All of the Jews listed above died in the epidemic or from other diseases. Not all of them died in the hospital, because there was insufficient room. For instance, Yoshe Nekusht died while sitting at the table in the barrack. His brother Meir-Yiskhok died sitting in the toilet. Meir-Yitskhok was an ordained rabbi and ate no unkosher food the entire time. Hushe Dorfman from Tawrik lay in the hospital. He had regained his health and was waiting to be released. But there were no clothes for him. He lay in the hospital after the Jews were taken from Warsaw to Kutno, and died there.
The Transport from Warsaw to Birkenau
Before New Year’s 1944 some four hundred men were taken to Auschwitz to be exterminated. A committee went through all the barracks selecting Musulmener. Yose-Velve was on the list of those to be sent away. He escaped this fate miraculously. Among those taken in this transport were the Lithuanian Jews Elkhonon Feygus from Koltinan, proprietor of a guesthouse; and Borukh Zalmanovitsh, from Kveidan; and Moshe Laski, from Nayshtot.
Several Lithuanian Jews died at the hands of kapos at work. Berl Kotzin from Verszan asked his kapo for some food. He was beaten, and remained lying on the ground. He was later found frozen.
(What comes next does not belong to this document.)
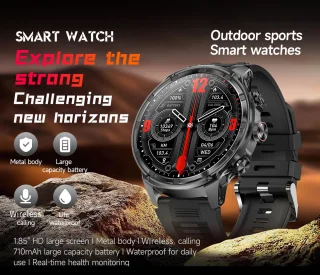 KNOBBOUT Bluetooth Smartwatch 1.85" HD met Stalen en Siliconen Band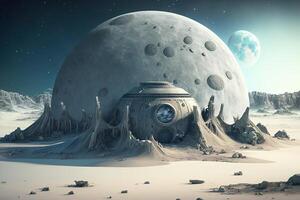 Illustration of space base on moon for astronauts on background of planet. . photo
Replacements for the 3,000 Jews who died were constantly brought from other locations. Before Passover 1944 the number of workers was back around 5,000. Before Passover a transport of men were taken to work in Bromberg. This time healthier and stronger men were chosen. The Lithuanian Jews in this transport were:
- Shaye Itzik Matusa, tailor from Nayshtot;
- Borukh Yudelevitza, merchant from Shvekshne;
- Khatske Ladon, an orchard keeper from Shvekshne;
- Tsvi Gershon, a peddler from Laukuva;
- Shmuel Khayet, a peddler;
- Yitskhok Murinik from Vainute;
- Yankl Levitan from Tawrik;
- Dovid Markus, Shloyme’s brother.
By Foot from Warsaw to Kutno
In the spring of 1944 Yose-Velve Aranovitz was back in the hospital. He had pleurisy. This time his acquaintances and friends didn’t believe he’d survive such a disease under such circumstances. He spent ten days there before the Jews were taken from Warsaw to Rutno.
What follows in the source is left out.